Saturday, April 21, 2007

None dare call it conspiracy


If you doubt that there has been a systematic effort on the part of the Bush administration to disenfranchise voters most likely to line up on the Democratic side of the fence, read this report by Greg Gordon of the McClatchy Newspaper group. It is an eye opener.


"For six years, the Bush administration, aided by Justice Department political appointees, has pursued an aggressive legal effort to restrict voter turnout in key battleground states in ways that favor Republican political candidates.

"The administration intensified its efforts last year as President Bush's popularity and Republican support eroded heading into a midterm battle for control of Congress, which the Democrats won."



Now, as to the Republican mantra about "voter fraud," what do the real statistics have to say about its prevalence? Read "
The Myth Of Voter Fraud" by Washington Post reporters Michael Waldman and Justin Levitt to find out just what a smokescreen this claim is, hatched by febrile brain of Machiavellian and sociopathic pudgemeister Karl Rove.

"As Congress probes the firing of eight U.S. attorneys, attention is centering on who knew what, and when.

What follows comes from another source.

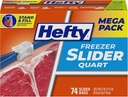Hefty Slider Freezer Kitchen Storage Bags, Quart Size, 74 Count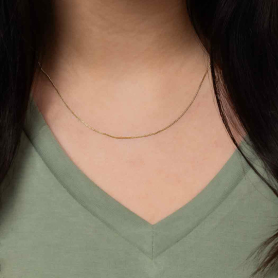 14K Solid Gold Delicate Chain on model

It's just as important to focus on 'why,' such as the reason given for the firing of at least one of the U.S. attorneys, John McKay of Washington state: failure to prosecute the phantom of individual voter fraud.

"Allegations of voter fraud -- someone sneaking into the polls to cast an illicit vote -- have been pushed in recent years by partisans seeking to justify proof-of-citizenship and other restrictive ID requirements as a condition of voting. Scare stories abound on the Internet and on editorial pages, and they quickly become accepted wisdom.

"But the notion of widespread voter fraud, as these prosecutors found out, is itself a fraud. Firing a prosecutor for failing to find wide voter fraud is like firing a park ranger for failing to find Sasquatch."